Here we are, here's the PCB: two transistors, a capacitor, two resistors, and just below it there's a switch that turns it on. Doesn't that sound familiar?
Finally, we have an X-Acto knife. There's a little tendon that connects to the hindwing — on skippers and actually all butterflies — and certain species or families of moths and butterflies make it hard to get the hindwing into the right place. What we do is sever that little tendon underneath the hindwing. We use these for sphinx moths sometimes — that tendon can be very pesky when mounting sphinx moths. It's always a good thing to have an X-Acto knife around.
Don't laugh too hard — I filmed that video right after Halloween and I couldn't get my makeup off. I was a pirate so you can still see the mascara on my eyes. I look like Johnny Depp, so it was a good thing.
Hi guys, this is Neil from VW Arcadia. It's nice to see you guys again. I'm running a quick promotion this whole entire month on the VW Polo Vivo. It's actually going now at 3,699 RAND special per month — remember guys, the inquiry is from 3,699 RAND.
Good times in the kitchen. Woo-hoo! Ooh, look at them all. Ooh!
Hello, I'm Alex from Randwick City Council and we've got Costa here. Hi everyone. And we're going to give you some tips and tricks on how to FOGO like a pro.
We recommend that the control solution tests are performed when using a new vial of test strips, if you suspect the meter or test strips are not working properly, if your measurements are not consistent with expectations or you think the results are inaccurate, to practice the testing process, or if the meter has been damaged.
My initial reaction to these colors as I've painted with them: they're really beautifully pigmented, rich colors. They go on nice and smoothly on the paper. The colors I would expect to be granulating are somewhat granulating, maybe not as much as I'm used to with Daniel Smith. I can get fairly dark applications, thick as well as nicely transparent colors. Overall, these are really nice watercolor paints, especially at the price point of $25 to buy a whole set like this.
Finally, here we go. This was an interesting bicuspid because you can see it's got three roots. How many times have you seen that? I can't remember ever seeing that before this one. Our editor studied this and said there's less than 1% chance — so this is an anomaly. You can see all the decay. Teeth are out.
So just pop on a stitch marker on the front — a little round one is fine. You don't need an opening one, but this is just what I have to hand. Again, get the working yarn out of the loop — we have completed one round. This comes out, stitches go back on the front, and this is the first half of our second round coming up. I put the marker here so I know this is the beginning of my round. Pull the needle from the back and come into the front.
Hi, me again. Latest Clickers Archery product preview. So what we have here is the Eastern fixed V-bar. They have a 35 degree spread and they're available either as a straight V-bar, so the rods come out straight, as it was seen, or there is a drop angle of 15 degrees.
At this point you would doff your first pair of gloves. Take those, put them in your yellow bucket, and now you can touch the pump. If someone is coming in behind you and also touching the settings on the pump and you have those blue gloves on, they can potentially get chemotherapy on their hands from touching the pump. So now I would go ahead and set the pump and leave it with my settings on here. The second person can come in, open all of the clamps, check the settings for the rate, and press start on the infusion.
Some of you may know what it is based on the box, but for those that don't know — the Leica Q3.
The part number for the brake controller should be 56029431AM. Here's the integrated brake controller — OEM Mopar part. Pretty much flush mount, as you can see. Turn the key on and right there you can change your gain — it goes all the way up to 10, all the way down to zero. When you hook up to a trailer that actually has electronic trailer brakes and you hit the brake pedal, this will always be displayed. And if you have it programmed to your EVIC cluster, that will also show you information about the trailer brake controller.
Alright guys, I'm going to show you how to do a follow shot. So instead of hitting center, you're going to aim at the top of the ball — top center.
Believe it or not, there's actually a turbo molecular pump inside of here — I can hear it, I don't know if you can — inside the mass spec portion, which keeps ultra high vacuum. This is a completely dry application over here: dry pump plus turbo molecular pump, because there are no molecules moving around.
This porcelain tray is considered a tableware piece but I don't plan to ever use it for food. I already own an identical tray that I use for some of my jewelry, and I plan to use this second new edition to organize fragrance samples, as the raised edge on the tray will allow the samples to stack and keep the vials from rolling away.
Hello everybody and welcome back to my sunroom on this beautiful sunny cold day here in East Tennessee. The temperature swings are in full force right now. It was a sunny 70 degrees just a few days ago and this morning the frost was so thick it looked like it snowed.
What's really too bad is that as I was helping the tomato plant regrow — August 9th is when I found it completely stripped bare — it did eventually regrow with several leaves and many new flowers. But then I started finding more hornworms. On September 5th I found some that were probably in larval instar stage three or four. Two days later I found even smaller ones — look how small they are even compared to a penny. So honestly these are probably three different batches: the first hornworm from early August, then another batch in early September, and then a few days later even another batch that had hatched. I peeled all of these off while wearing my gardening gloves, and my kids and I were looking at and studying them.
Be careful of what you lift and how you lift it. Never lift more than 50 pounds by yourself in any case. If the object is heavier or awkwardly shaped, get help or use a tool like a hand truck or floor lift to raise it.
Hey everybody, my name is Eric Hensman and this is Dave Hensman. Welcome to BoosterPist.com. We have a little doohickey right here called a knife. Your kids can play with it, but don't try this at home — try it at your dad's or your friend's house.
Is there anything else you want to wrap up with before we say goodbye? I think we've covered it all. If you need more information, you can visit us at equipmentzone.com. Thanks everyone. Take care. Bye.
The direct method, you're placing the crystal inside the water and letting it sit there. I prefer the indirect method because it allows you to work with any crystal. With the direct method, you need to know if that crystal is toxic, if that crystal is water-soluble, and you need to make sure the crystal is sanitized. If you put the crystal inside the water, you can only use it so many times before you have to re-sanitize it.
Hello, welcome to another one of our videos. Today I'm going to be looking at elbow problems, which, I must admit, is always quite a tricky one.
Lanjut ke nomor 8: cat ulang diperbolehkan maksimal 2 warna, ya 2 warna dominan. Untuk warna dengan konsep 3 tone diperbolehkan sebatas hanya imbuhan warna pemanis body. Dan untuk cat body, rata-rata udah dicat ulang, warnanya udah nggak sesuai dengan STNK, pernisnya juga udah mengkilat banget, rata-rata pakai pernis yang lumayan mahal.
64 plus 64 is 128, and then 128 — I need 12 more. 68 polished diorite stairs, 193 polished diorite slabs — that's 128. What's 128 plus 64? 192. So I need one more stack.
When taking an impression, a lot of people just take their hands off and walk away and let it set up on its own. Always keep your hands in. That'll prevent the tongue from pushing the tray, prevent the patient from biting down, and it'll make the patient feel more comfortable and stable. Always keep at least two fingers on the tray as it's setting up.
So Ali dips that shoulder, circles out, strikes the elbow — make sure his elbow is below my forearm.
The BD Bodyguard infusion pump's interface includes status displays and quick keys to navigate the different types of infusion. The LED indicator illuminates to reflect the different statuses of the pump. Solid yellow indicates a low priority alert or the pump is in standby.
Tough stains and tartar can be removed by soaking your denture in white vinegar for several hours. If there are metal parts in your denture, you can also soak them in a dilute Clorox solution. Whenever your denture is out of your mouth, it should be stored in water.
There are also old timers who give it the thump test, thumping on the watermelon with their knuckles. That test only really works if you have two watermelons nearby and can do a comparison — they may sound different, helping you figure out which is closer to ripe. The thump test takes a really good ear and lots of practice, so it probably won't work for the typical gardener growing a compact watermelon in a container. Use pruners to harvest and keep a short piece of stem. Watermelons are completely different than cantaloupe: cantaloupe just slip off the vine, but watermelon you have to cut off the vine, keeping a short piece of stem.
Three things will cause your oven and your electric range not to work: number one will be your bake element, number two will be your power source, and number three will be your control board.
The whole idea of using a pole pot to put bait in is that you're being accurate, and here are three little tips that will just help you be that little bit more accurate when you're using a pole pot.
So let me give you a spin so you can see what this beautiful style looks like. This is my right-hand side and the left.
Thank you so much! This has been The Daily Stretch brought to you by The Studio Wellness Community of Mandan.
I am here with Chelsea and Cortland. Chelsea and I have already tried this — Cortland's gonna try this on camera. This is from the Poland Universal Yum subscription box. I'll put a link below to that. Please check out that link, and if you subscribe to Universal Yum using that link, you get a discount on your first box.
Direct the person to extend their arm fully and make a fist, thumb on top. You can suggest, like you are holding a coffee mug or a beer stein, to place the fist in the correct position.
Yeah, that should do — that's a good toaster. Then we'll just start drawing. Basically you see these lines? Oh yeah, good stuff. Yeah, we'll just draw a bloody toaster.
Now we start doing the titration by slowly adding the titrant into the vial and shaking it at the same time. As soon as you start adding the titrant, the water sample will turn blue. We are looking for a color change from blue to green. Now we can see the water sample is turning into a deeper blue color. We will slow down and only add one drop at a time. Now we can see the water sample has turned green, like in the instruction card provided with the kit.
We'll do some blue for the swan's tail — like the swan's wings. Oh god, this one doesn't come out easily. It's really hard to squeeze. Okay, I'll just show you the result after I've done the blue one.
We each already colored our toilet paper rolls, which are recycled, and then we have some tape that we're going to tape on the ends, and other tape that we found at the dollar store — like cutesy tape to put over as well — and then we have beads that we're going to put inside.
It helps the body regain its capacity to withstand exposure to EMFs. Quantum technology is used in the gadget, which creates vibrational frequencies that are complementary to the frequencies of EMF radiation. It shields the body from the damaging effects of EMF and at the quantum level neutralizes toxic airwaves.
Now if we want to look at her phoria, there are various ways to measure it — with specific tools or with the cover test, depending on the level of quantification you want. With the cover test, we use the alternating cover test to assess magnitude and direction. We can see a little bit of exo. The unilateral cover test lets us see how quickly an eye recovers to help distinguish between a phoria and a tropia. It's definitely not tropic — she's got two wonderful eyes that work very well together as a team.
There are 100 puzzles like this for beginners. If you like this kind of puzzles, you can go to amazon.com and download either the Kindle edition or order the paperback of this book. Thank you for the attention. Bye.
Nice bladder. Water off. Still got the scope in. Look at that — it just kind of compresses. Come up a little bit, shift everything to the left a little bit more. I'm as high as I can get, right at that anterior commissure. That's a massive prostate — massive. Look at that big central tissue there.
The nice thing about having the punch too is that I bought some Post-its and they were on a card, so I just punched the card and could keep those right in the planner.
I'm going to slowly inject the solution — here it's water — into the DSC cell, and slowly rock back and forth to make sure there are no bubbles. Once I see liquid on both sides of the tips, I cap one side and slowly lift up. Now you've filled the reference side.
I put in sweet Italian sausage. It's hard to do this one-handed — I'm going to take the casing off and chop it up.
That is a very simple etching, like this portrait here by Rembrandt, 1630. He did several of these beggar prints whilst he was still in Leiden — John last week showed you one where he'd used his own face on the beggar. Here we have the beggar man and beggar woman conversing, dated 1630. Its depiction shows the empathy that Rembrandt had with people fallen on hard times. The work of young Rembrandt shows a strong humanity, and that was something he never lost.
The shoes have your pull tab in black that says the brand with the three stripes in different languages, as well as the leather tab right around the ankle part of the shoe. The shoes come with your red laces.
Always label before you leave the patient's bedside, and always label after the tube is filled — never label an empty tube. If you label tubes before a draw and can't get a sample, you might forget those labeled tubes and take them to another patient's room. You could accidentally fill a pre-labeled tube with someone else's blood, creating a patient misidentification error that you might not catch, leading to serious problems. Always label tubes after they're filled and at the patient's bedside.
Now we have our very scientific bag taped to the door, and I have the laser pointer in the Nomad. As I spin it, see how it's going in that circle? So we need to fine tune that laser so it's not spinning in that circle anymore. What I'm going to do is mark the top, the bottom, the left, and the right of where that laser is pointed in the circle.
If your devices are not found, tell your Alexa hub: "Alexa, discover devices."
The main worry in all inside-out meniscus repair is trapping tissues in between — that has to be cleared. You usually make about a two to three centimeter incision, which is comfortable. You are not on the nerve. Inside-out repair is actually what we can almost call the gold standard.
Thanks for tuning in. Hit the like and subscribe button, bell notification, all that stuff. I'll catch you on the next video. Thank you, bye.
__________________________________________________
- DIRECTIONS FOR THIS TASK -
In the data above, which lines have "remember"? Report each of them.

- WRITTEN RESPONSE -
Hi guys, this is Neil from VW Arcadia. It's nice to see you guys again. I'm running a quick promotion this whole entire month on the VW Polo Vivo. It's actually going now at 3,699 RAND special per month — remember guys, the inquiry is from 3,699 RAND.
Finally, here we go. This was an interesting bicuspid because you can see it's got three roots. How many times have you seen that? I can't remember ever seeing that before this one. Our editor studied this and said there's less than 1% chance — so this is an anomaly. You can see all the decay. Teeth are out.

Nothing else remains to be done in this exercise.